見学に同行してくださったブータン政府のエンジニアは、自分たちのサラリーを生み出してくれているのがこのダムなんだ、とおっしゃっていた。ブータンの財政を支えているのは水力発電事業であり、そのためのダムは極めて重要な施設ってわけだ。どうりでセキュリティレベルが高いわけだ。そして、上の写真でも確認できるように、たいへん立派なレリーフによって飾られていることもうなずけるね。

チュカ・ダムでは発電量の95%をインドに送っているという。実際に現場を案内してくださったダムの技術責任者は、インドの方だった。おそらく運営そのものもインド側が手がけているのだろう。なお、現在ブータンでは4つのダムが稼働しており、さらに6つの巨大発電プロジェクトが平行して実施されているとのこと。資本はやはりインドが中心らしい。

そうそう。
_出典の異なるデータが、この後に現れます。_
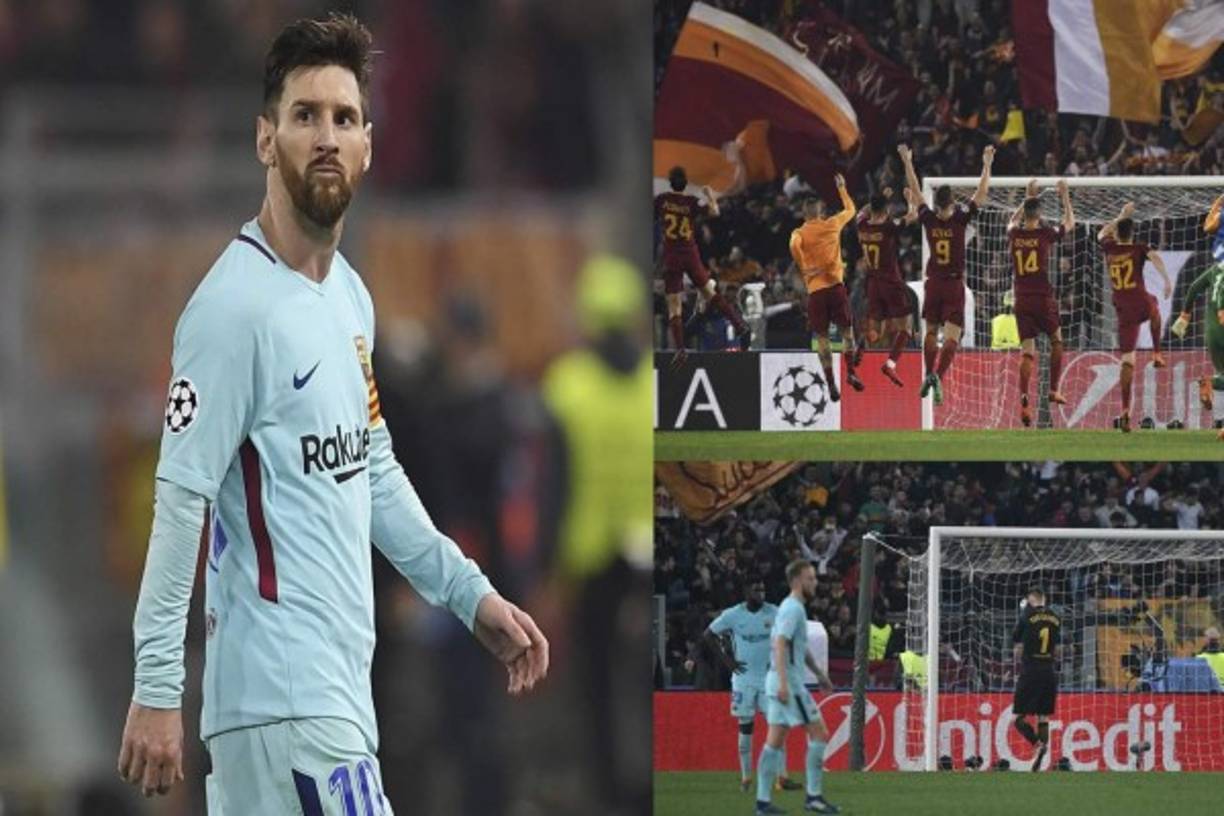 El FC Barcelona fue eliminado de la Champions League al caer 3-0 ante la Roma en los cuartos de final. Mira las mejores imágenes de lo que fue una pesadilla para el club culé; Lionel Messi no podía creer el resultado y salió enojado.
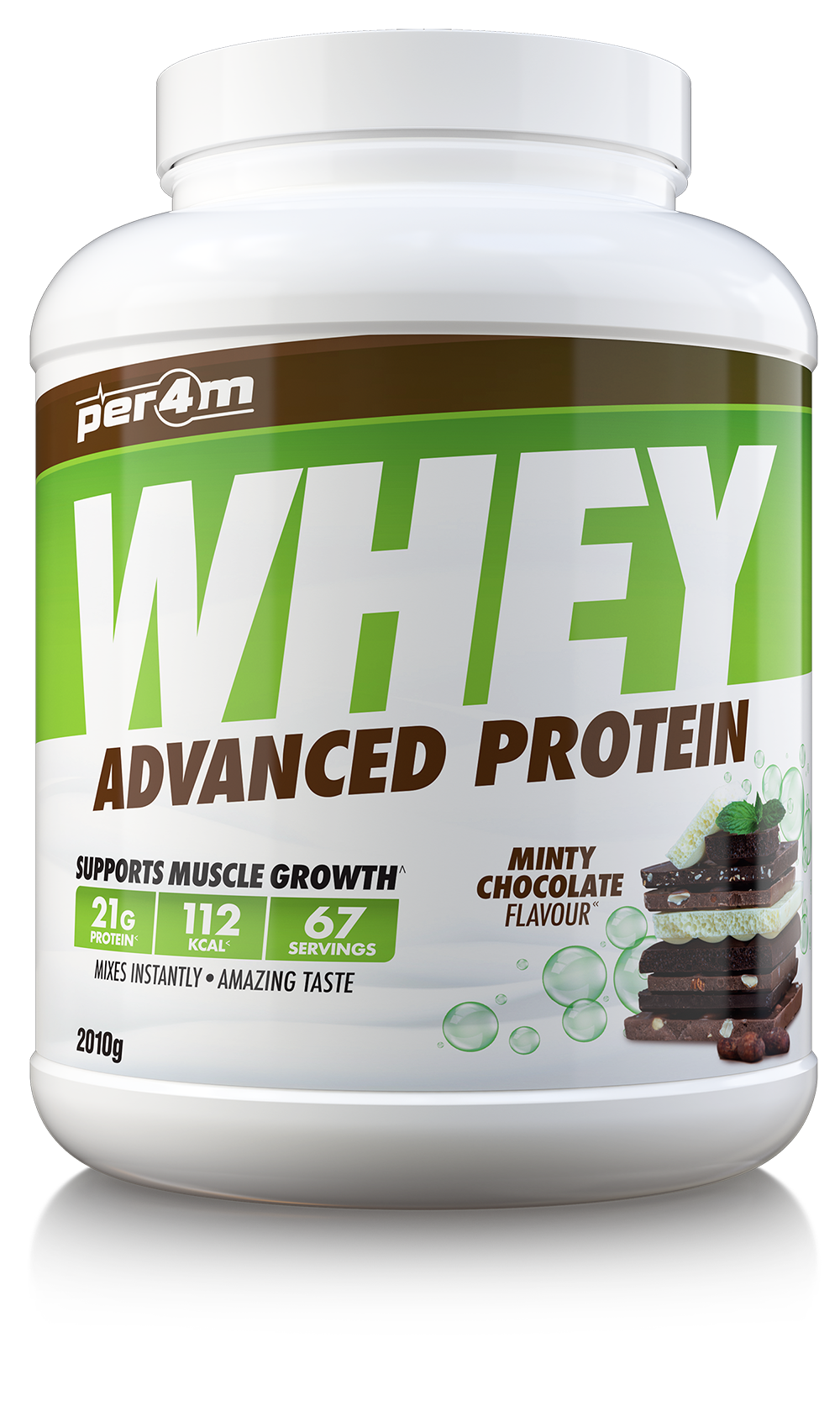 Per4m Advanced Whey Protein - 2.01kg / Minty Chocolate - Whey Protein Powder
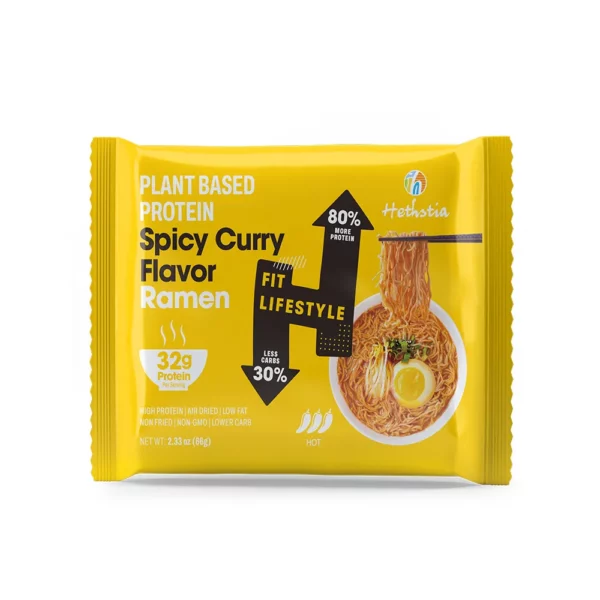 High Protein Ramen Noodles Bulk Spicy curry flavor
下流側上端部が大胆に削られて鉄筋がもろ出しになっていた。なんの工事をしているのかを尋ねてみたところ、少々聞き取れないところがあったが、ラジアルゲートの駆動システムをワイヤーによる巻き上げから油圧シリンダーに変更する工事をしているようだった。建設から30年経ってローンの返済は終了したけど、メンテナンスと機能向上のために出費が求められているんだね。

ちなみに本当にすごかったのは、このダムに降りるつづら折れの沿道の、ちょっとここには書けない光景だった。ブータンの現実がおぼろげながら体感できたな。